:: Source data

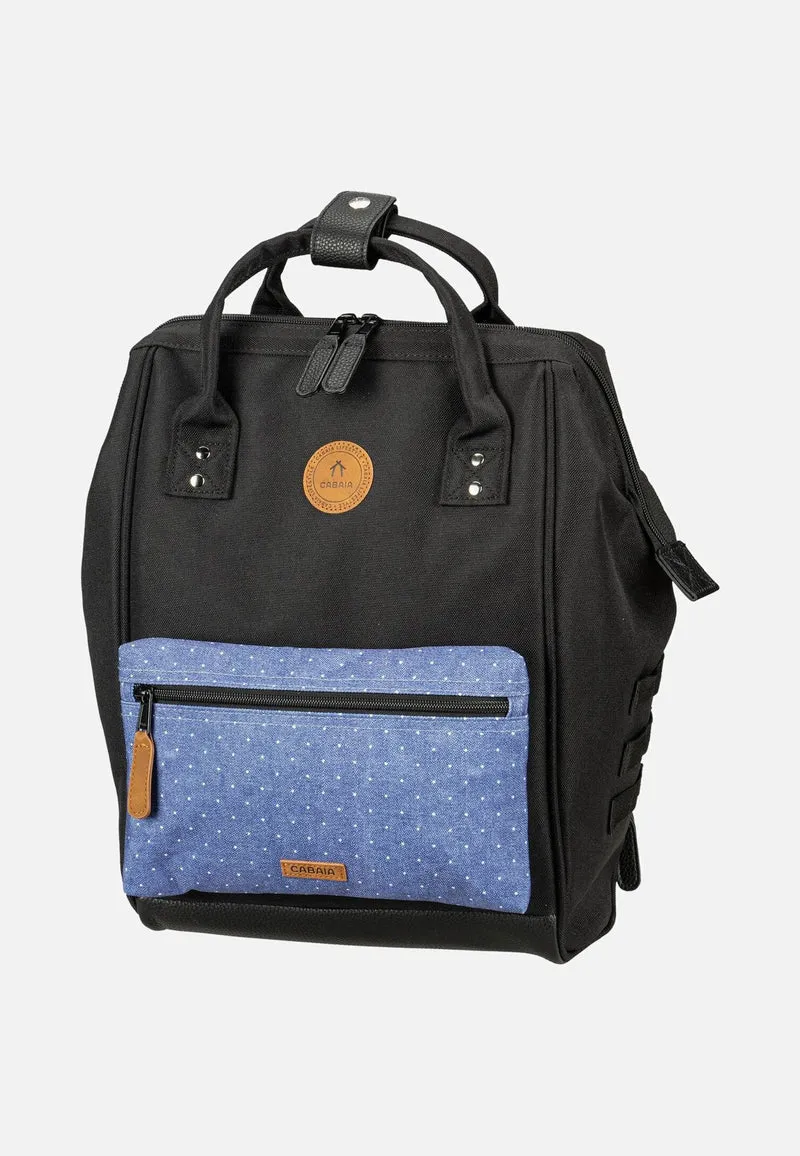 Adventurer Oxford Medium Berlin - Rucksack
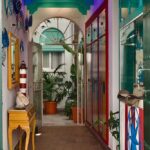 Hostal Santa Catalina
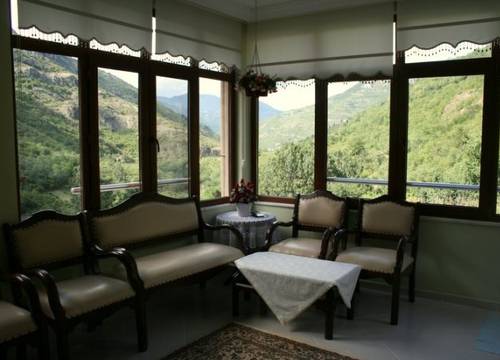 turkiye/trabzon/macka/camlik-apart-otel-134773_.jpg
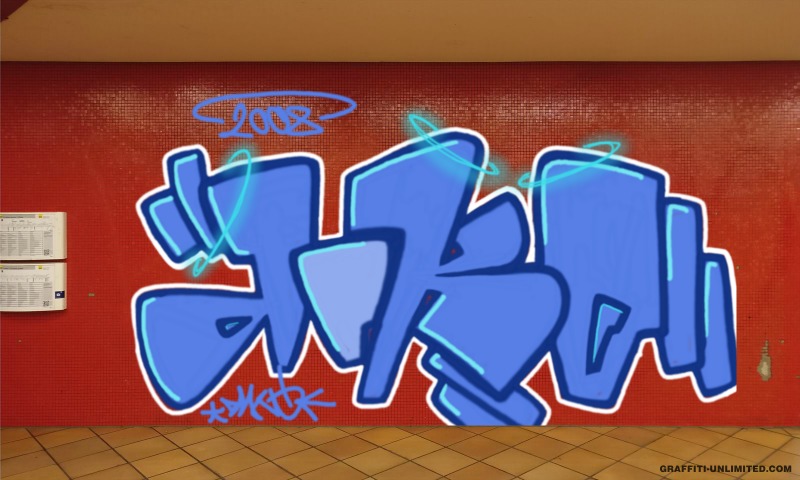 Bombing 1702493809742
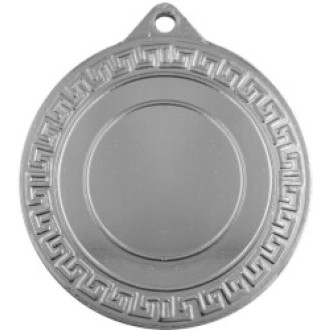Медаль Валука 3583-050-200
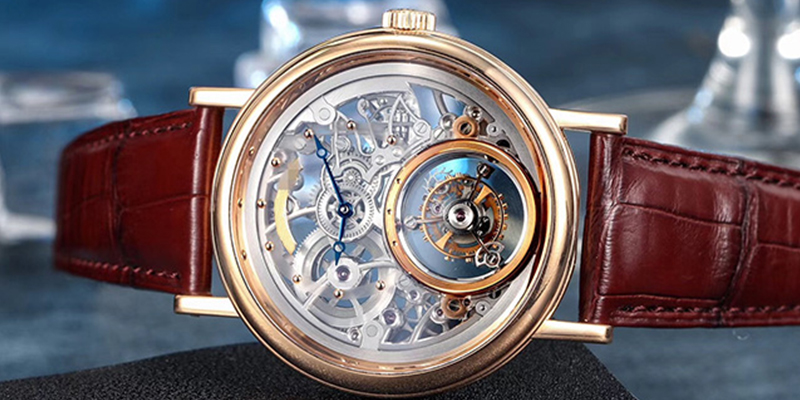 成都浪琴表维修网点电话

::::

• Problem to solve:
What is needed is an exact copy of the lines from the line with "Hostal Santa Catalina" to the end of the data above, both included, without any pictures.

• Problem solution:
 Hostal Santa Catalina
 turkiye/trabzon/macka/camlik-apart-otel-134773_.jpg
 Bombing 1702493809742
Медаль Валука 3583-050-200
 成都浪琴表维修网点电话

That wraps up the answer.